Share Your World: Curious about my ancestors

Cee’s share your world prompts for this week:
  1. What do you consider is the most perfect food for you? (It can be your favourite food to something extremely healthy.)
  2. Are you focused on today or tomorrow?
  3. If you could interview one of your great-great-great grandparents, who would it be (if you know their name) and what would you ask?
  4. What inspired you or what did you appreciate this past week?

I started this post like I do every time. I copy in the prompts. I start writing my thoughts under each one.

I hesitated when I read the third one. To be honest, I was not sure it was something I was interested in answering. How on earth would I know the names of people who were alive over 100 years ago? We are not the kind of family that have passed down family stories from generation to generation, so these are not things that I know.

Both my parents have passed and when they moved to Africa after the 2nd World War, they broke ties with their large families back in the UK. Neither of them ever went back there except for one or two short visits. My mom took me to meet my two grandmothers once in the late 70s (both my two grandfathers died one and two months after I was born, so I never met them). That has been the sum total of my contact with the broader UK family.

An imp tapped me on the shoulder…

But suddenly the moment of hesitation passed and something took hold of me which I have to share, which was “curiosity“. I followed that curiosity (I’ll come back to this later).
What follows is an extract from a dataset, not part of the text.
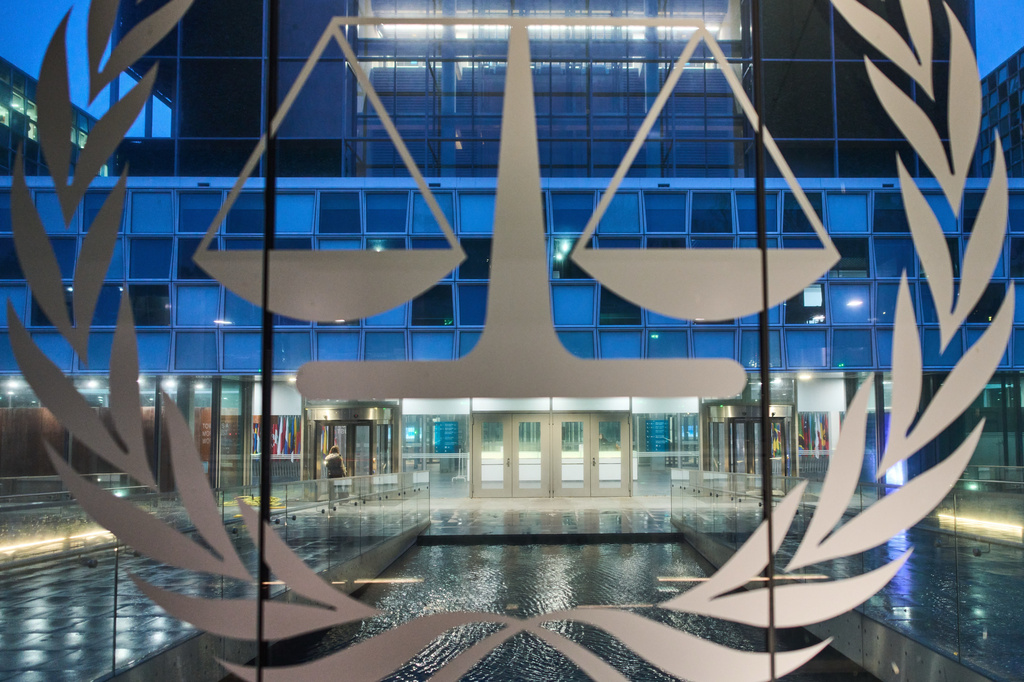 FILE - The International Criminal Court (ICC) is seen on Dec. 9, 2025, in The Hague, Netherlands. (AP Photo/Peter Dejong, Pool, File)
So I’ve decided to just answer the 3rd prompt which connects to the 4th, sorry Cee!

I do qualitative academic research, so my first thought was: If I want to ask a question, I need to know when were my great-great-great grandparents (I’ll refer to them as g-g-g’s from now on) were alive.

An uninspired Google search gave me a rough idea of the span of a generation (25 years) and I started to work backwards from my date of birth. I soon gave up. It didn’t feel accurate enough though. I crumpled up the piece of paper and threw it in the bin.

Then a little imp tapped me on the shoulder, forcing me to think beyond Google for a change. I had a brainwave. About 7 years ago, my wonderful mother-in-law took it upon herself to do my family genealogies (on both my mother’s and father’s side). Out of all my siblings, I am the one who has all kept hold of all her work. Knowing exactly where it was, I dashed to the bookcase and grabbed the file.

As if I was seeing it for the first time, I was amazed to see that she had managed to go back about 23 generations to the 1330’s in some cases. How absolutely incredible is that? I realised with shame that I have never really had a reason to engage in any meaningful fashion with this incredible amount of work! But here was a reason.

I immediately set to work to draw rough family trees to get to the information about my g-g-g’s, on both my mom’s and dad’s side. Thanks to the staggering details in the files, I was able to do this in about half an hour: dates of birth and names for 14 of my 16 g-g-g’s. I stopped at this point, not having space to continue to the great-great-great grandparents. So this story is about my great-greats only.

rough family tree_pe-001

Most of them were born between 1827 and 1842 in the UK far away from London. I added 20 years to these dates, to account for them being in their early twenties. Now I had a Google search that might be more fruitful to find out what was going on in the UK during that time: “history of the UK from the 1840s to the 1860s” (don’t you just love the power of the internet sometimes?). Here are some of the world events, not in any order:

  • Charterists were active in Britain
  • Transportation to Australia
  • Cholera
  • Rebellions in Italy, Germany and Austria
  • France becomes a republic
  • Canada is awarded independence from Britain
  • Queen Victoria is monarch of UK, marking a period of industrial, cultural, political, scientific, and military change
  • Her beloved Albert dies in 1861
  • The Crimean War
  • The American Civil War
  • Darwin’s “Origin of Species” published
  • First electric telegraph installed and later, a US to Britain undersea telegraph established (who would’ve thought this happened so long ago?)
  • And so much more!

I also had a look at some of the clothing that people wore and that sent me down a whole different track as you’ll see!

Finally, some questions

The g-g-g’s seemed more like real people now, with a context but no personal stories (that will have to wait). So finally I could think about some questions that I may have asked them.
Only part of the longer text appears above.